On the other hand, the use of an oral appliance (OA) is a simple method to treat SDB.5 The efficacy of OA for OSA has been established in the fields of orthodontics and otolaryngology.6 Some studies suggested that the forward positioning of the mandible releases upper airway obstruction,7 which lowers the B‐type natriuretic peptide (BNP) level by suppressing sympathetic nerve activation and decreasing the alterations in intrathoracic pressure.8 However, limited data are currently available about its efficacy in HF patients with OSA. In addition, whether OA can successfully treat either OSA or CSA in patients with LV diastolic dysfunction remains to be elucidated. Thus, this prospective randomized study was designed to examine if treatment with OA improves SDB and cardiac function.

1.1. Purposes

This study aims to investigate (i) whether OA (SomnoDent; SomnoMed, Australia) can effectively suppress SDB in patients with HF, and (ii) whether SDB suppression with OA can improve cardiac function.

1.2. Hypothesis

OA can suppress SDB even in patients with HF and improve cardiac function.

2. METHODS

2.1. Study design

This study will be conducted in Juntendo University Hospital, Tokyo, Japan (Appendix S1, Supporting information). This is a single‐blinded randomized, sham‐controlled interventional trial with or without OA for SDB in patients with HF. SDB will be diagnosed in patients with HF by using polysomnography (PSG) at the hospital. OA will be set for each patient inside the dental clinic of Juntendo University Hospital, after checking whether oral hygiene and dental treatment are required. The supplied OA will be adjusted carefully by experienced dentists at the follow‐up visit (acclimatization phase for 2 to 4 weeks). Suppression of sleep apnea will be confirmed using a portable sleep breathing diagnostic device (WatchPAT) in 2 weeks. The target apnea‐hypopnea index (AHI)/oxygen desaturation index (ODI) is <10/hour or a > 50% reduction.9 Each patient will be randomized into the active OA group or the sham OA group (only the mandibular part with recording media) after a washout period of 1 week. The follow‐up PSG will be scheduled in 3 months. All measurements, including cardiac parameters such as plasma BNP level or E/e’ determined using echocardiography, will be obtained simultaneously. It should be noted that we plan to conduct a 3‐dimensional substudy of the upper airway on and off OA by using computed tomography10 (Appendix S2).
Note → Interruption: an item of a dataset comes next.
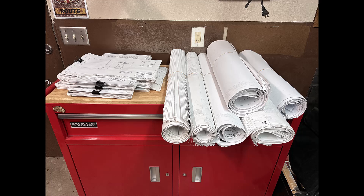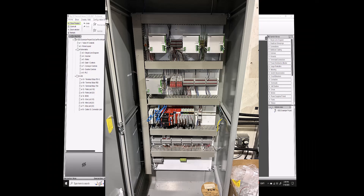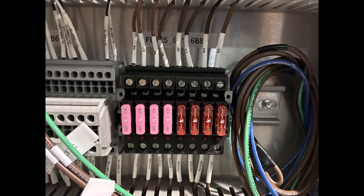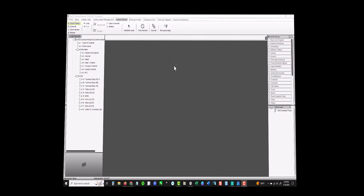Let's get started. So you want to learn about automation control panels, industrial control panels — the wiring, the design, and everything that goes in them.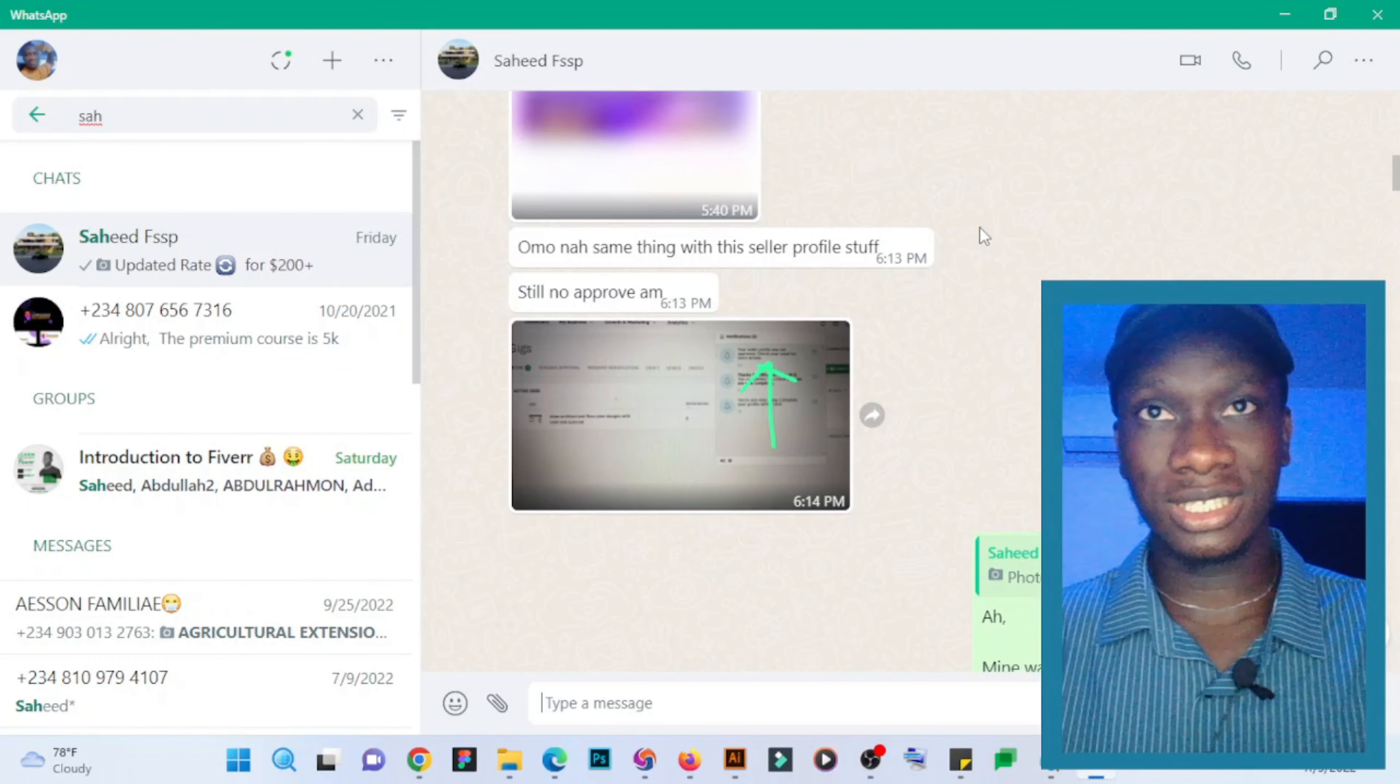actually niching down. I actually tried different methods, one of which was creating another country's account, maybe a Ukraine account. I was thinking if they would approve it. I later realized that it is by niching down. That is, if you are in a graphic design category, if your first gig is actually logo design, this might not be approved because...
2.2. Study subjects, groups, and sample size

2.2.1. Subjects

Patients with symptoms or signs of HF from Juntendo University Hospital (Tokyo, Japan) will be recruited. The patients should have HF in the chronic phase (HF diagnosis and use of beta‐blockers for ≥3 months) and stabilized with optimal medical therapy (OMT). The inclusion and exclusion criteria are listed in Tables S1 and S2 of Appendix S3.

2.2.2. Groups

All patients will be randomly assigned to receive an active OA in addition to OMT for HF or sham OA with OMT, by using a random number table.
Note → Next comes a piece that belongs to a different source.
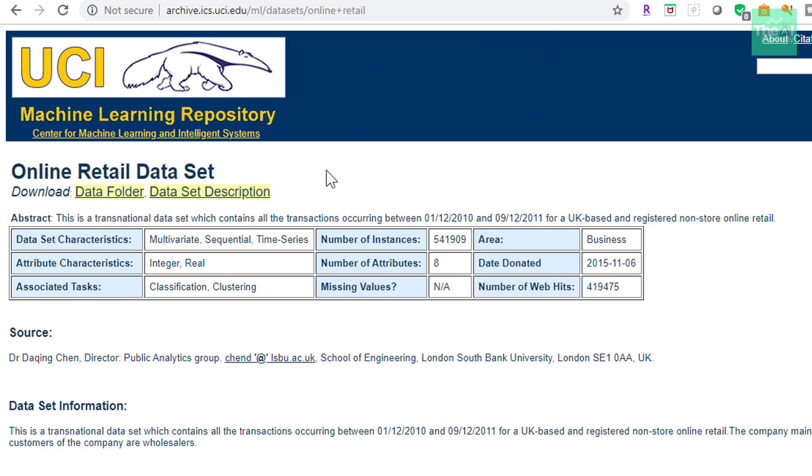And you can see this is the UCI Machine Learning Repository's website. So this online retail dataset contains transactional level data with details like invoice number, invoice date, unit price, quantity, customer ID, etc. So let's quickly move on to the Jupyter notebook,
2.2.3. Sample size estimation

According to a previous study, the AHI reduction was −8.8 ± 11.9/h in patients with HF after 3 months of intervention with another OA.8 The natural change in AHI was +1.3 ± 3.2/h in patients with HF. To detect the effect size and set the α error to 0.05 and the β error to 0.20, we estimated that at least 13 patients are needed in each group. We will recruit at least 30 patients in total, accounting for two possible dropouts in each group.

2.3. Oral appliances

SomnoDent is a custom‐made two‐piece appliance to move the mandible forward into its appropriate position, to prevent the collapse of the oropharynx by the root of the tongue (Appendix S4, Picture S1). The screw mechanism on the upper splint enables a fine adjustment of mandibular advancement. A micro‐recorder chip is embedded in the lower splint so that the compliance can be monitored by the computer (DentiTrac system) (Appendix S4, Pictures S2 and S3). Sham OA includes only the lower splint with a micro‐recorder (ie, patients in the sham OA group will not wear an upper splint).

2.4. Measurements

In addition to the follow‐up PSG, the following measurements will be obtained at baseline (at the same time with randomization) and 3 months later: plasma BNP level, urinary catecholamine excretion, echocardiographic data, 6‐min walk distance, Epworth sleepiness scale (ESS), and health‐related quality of life (Appendix S5).

2.5. Intervention

First, all subjects will undergo an acclimatization phase (2‐4 weeks) when using active OA at home. The effect of OA on SDB will be confirmed using WatchPAT. The target will be one of the following: AHI obtained using WatchPAT (peripheral arterial tonometry apnea‐hypopnea index [pAHI]) <10 events/h, ≥50% reduction in pAHI, or ≥50% reduction in ODI.9 On the basis of the results of this study, OA will be adjusted by experienced dentists in Juntendo University Hospital. The WatchPAT assessment will be repeated until sufficient SDB suppression is confirmed.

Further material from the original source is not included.